Extending Interpreters:
Adding Arrays and Subscripts
To illustrate the methods involved in extending interpreters, a set of
interpreters has been created which adds arrays and subscripts to the
features provided by the baseline interpreters. Source code for these
extended interpreters can be found in cll\array,
pll\array and support\array.
It is perhaps misleading to speak of changes to the interpreters, since
adding support for arrays and subscripts required only that code be
added to the interpreters. In no case was it necessary to modify
existing code. New rules have been added to the syntax. The same rules were
added to both the CLL and the PLL languages. New code to implement the new features
has been added to the support code.
Although it may seem that arrays and subscripts should be part of the basic
syntax supported by the kit, they have been left as an extension since there are
a large number of ways to implement arrays and subscripts. It was felt that
the baseline interpreters in the kit should be limited to those features
which enjoy general agreement as to their implementation.
There are two basic ways that arrays can be implemented. One way is to
simply set up an AgMap<Value, Value> object which would map any
value to any other value. This approach would not require any sort of
declaration and would allow statements of the form:
x["foo"] = bar;
as well as conventional subscripts. Although this is an interesting
approach, it is not what most people think of when they think of
arrays and subscripts.
The approach actually chosen is to implement a simple array declaration:
array foo[size];
where size can be an arbitrary integer expression. The expression
is evaluated and an array of the specified size is assigned to the variable
foo. The values in the array are initially set to
uninitType. Elements of the
array can now be set to arbitrary values.

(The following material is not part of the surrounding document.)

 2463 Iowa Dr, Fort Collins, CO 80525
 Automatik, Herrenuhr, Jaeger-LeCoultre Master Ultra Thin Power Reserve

To provide unity in the implementation, the Value class has been extended so
that the value of any variable could be an array. Since each array is an
array of Value class instances, it is possible to have array elements which
are themselves arrays, thus providing the capability of multidimensional
arrays. For example, here is a way to set up a three by three matrix.
array x[3];
for (i = 0; i<3; i++) {
array temp[3];
x[i] = temp;
}
for (i = 0; i<3; i++) {
for (j = 0; j<3; j++) {
x[i][j] = 1.0/(i+j+1);
}
}
Since character strings are already arrays of characters, it seemed
reasonable to extend subscripting to string valued variables as well.
For example,
x = "castle";
y = x[2];
x[2] = 't';
The value of y is 115, the ascii code for the letter 's'.
Setting x[2] to 't' makes the value of x equal to "cattle".
The most obvious changes to support arrays and subscripts are the changes
to the syntax. The changes to the supporting code are somewhat more
extensive.
The first and largest set of changes to supporting code is to the common definitions module. These changes include the
definition of a CharPointer class, to
represent pointers into character strings and additions to the Value class. These modifications are
sufficient to provide array and subscript support for the direct execution interpreters. They are also necessary
for all the other interpreter architectures.
The second set of changes, to the bytecode
interpreter module, added to the changes to the common definitions,
suffices to support the direct compilation interpreters.
These changes are also necessary for the astci interpreter.
The change to the opcode enumeration is
also necessary for the astxi interpreter.
A small set of changes to the definitions of the
AstNode class is also required for
both the astxi and astci
interpreters.
Finally, a small set of changes to the
treewalk functions of the astxi and astci is required to add arrays and subscripts to the
abstract syntax tree interpreters.
To add array and subscript support to the syntax, it was necessary to add
only two new rules to the grammar: an additional rule for the token simple
statement:
simple statement
-> "array", name, '[', expression, ']', ';'
and an additional rule for the token lvalue:
lvalue
-> lvalue, '[', expression:x, ']'
The first rule creates an array of specified size. The second implements
subscripts. Note that since lvalue is recursively defined, it is possible
to have multiple subscripts, as in C and C++.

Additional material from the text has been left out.